En 2009, on le retrouve dans la région car le club hennuyer d'Ath a beaucoup d'ambitions et compte sur son expérience pour encadrer les jeunes joueurs. Hélas, les résultats ne seront pas toujours au rendez-vous de cette équipe qui s'était pourtant donné les moyens de réussir. Cédric, soucieux de former les jeunes, a, entretemps, créé  "l'Ecole internationale de Tennis de Table Cédric Merchez Sport" et organisé, à la demande de la commune d'Estaimpuis, de nombreuses formations à Estaimbourg y créant un tournoi amenant les meilleurs joueurs.

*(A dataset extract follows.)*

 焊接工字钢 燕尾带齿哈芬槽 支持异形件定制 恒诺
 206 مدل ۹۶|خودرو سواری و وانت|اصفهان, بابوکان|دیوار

En 2010, il passe dans le club de Virton, probablement le meilleur club belge après la Vilette de Charleroi. Au cours de la saison qui vient de s'achever, Cédric Merchez va connaître, néanmoins, sa plus grande désillusion. Depuis toujours, il vise une logique place dans le top 5 national, récompense de tous les efforts fournis au sein des clubs et des sélections pour faire progresser le tennis de table belge. Finaliste du Championnat de Belgique de simple (battu, à Enghien, par Jean Michel Saive après une excellente rencontre), vice-champion de Belgique par équipe, finaliste de la Coupe de Belgique et classé numéro "Un" au classement de la régularité des tournois de série A, il n'est classé qu'A6 par des instances fédérales dont le classement, je trouve et je ne suis pas le seul à le dire, manque sérieusement de crédibilité. D'ailleurs, en Belgique, dans beaucoup de disciplines sportives, si les joueurs apportent la notoriété à leur sport, les instances dirigeantes le ridiculisent par des attitudes puériles, voir chauvines, au contraire d'autres nations plus évoluées où les classements sont établis sur base des résultats et non au "feeling" ou à la sympathie (si nous étions méchant, nous dirions "à la tête du client"), privilégiant systématiquement la jeunesse à l'expérience !

Lors de la prochaine saison, Cédric Merchez évoluera encore dans le club gaumais mais grâce à la double-appartenance, il est aussi engagé dans le club de Bruille, il retourne ainsi en France, treize ans après son passage en Tourraine. Il y évoluera avec l'objectif d'emmener ce club dans l'antichambre de l'élite de l'Hexagone et il y retrouvera un de ses anciens élèves Ludovic Beuny et un autre tournaisien Julien Renard.

Cédric Merchez vient d'avoir 32 ans, petit par la taille mais grand par le talent, il y a vingt-huit ans qu'avec enthousiasme, "Pupuce" vise toujours plus haut, dans un sport qui a acquis, depuis lors, ses lettres de noblesse en Belgique.